US 20 takes me into Wind River Canyon.
The road starts to twist, and and I lean the ST. Its a fun road. The
highway follows a river as it winds its way among the canyon walls.
A great ride.

U.S. 20, west
bound. Wind River Canyon. Great riding.
I'm thirsty, so stop for fancy water in
Thermopolis.
It's been fun on a picture perfect weather
day. Not a cloud in the sky, 81 no humid degrees, and riding a motorcycle
seeing the country, meeting people. Man, I'm a lucky guy. I have no
one to answer to but myself.
Other then the first day, this has been a
relaxing trip. No pressure to make time or distance goals. I just
ride, stop when I want to, and set my own agenda.
The ST and I take 120 into Cody, where we go
back to 20. Cody is the jumping off point for East Yellowstone. The
city is a tourist hangout. T-shirts can be found by the thousands
proclaiming - "I was in Yellowstone."
I stop in a Dairy Queen for a vanilla
cone. I called my wife and spent my break with her.
Its a slow go from Cody to Yellowstone.
RVs rule the day and they choke down traffic. I get behind one spewing
something out the rear. I back waaaaaaaaaay off. Not taking any
chances on what it might be.
Finally, I reach the entrance and taken aback
at the 15 dollar entrance fee. The ranger says-
"yeah but that gets ya in Teton
also"
"well that's a comfort"
The meeting place for Dennis and I, is the
Canyon Land campground. A long ride on the RV infested roads of
Yellowstone.
Yellowstone. I always dreamed of coming
here. I remember watching Disney on Sunday nights when I was a boy.
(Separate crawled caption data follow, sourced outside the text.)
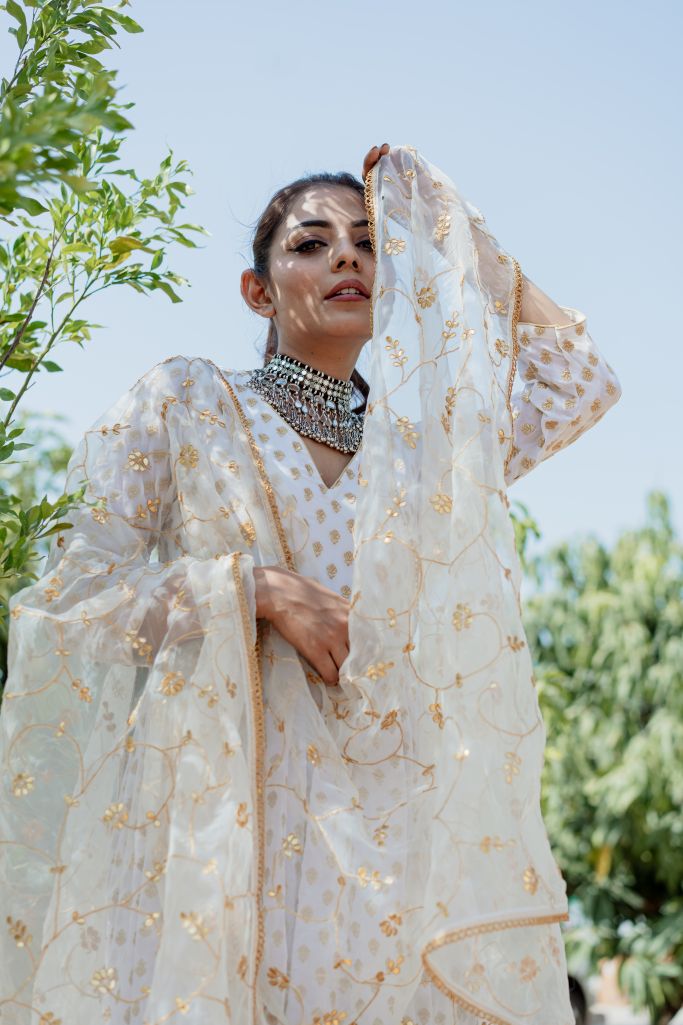 Zuri White Anarkali Set
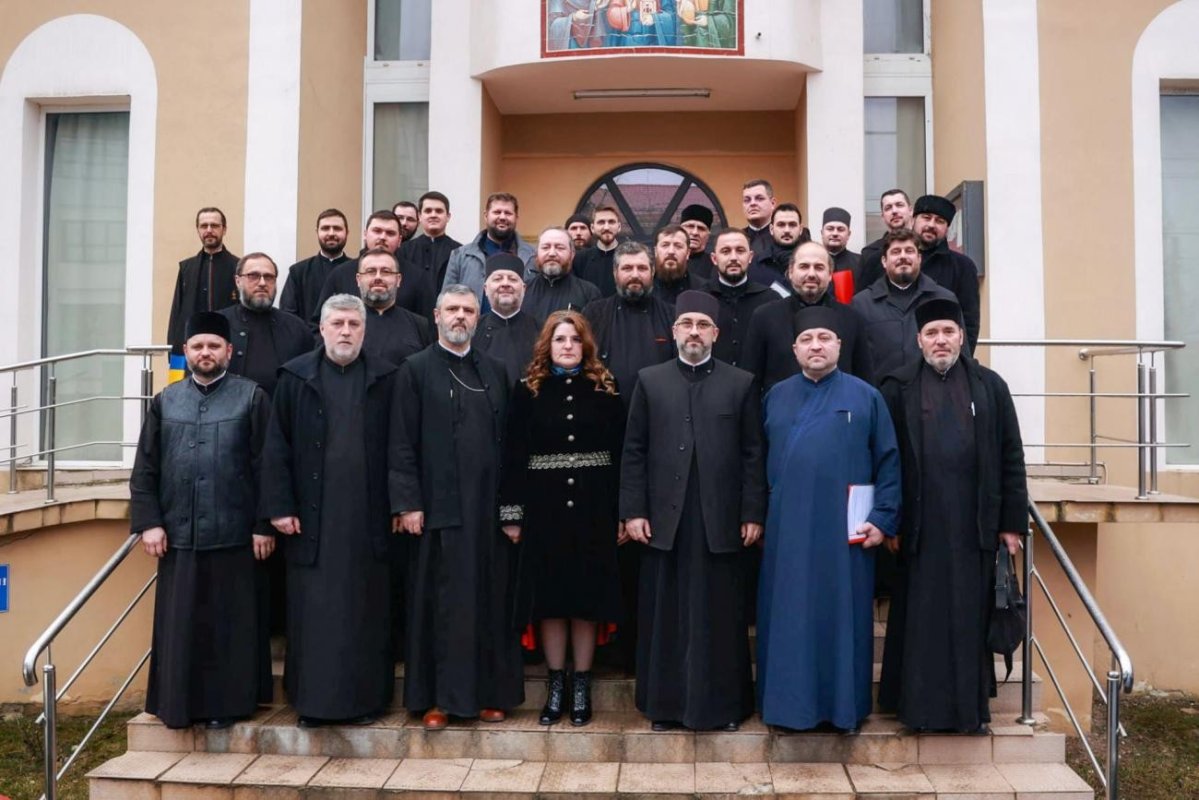 Curs de formare catehetică pentru preoții din Roznov 322337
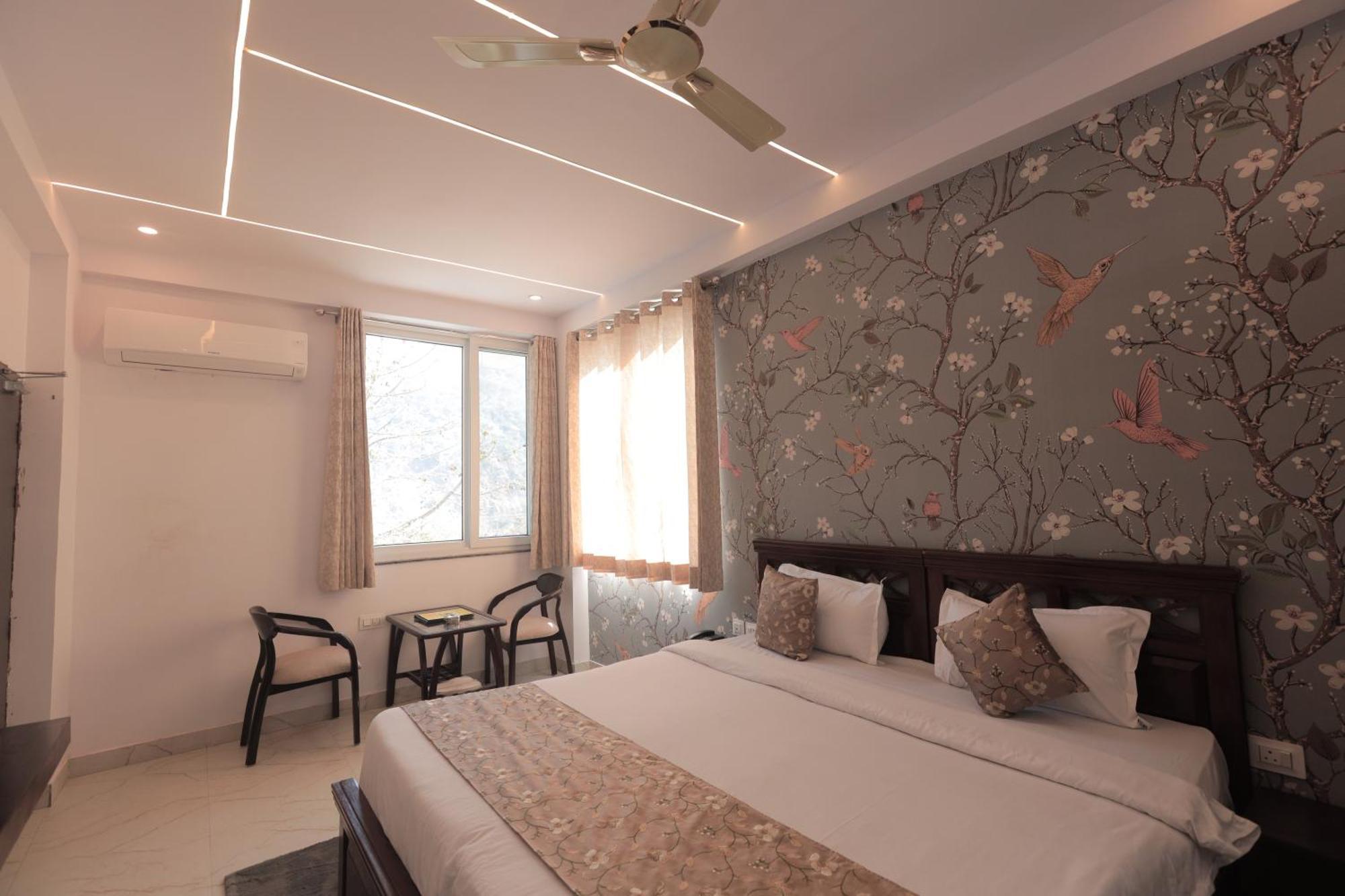 Yogved Hospitality & Hotel 3*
Sometimes, they would have a nature show about some lonely coyote. I would
sit in amazement at the scenery I saw on TV, even if it was just black and
white. I never thought I would actually make it here.
TV and books fail to do the Park justice.
I stopped in Fishing Village for a
break. The lights are flashing on and off in the store. It was quite
annoying. I got out some lemonade and hollered over to the cash register.
"Hey! Can y'all still check guys out
without power?"
"oh yeah, they are on battery back
up"
It begins to get chilly, and a light rain
begins to fall. I ride out of it quickly.
On the way into Canyon Land a bison is
meandering the shoulder on my side of the road. I slow way down and crawl
past him. Did not want to startle him, and get taken out.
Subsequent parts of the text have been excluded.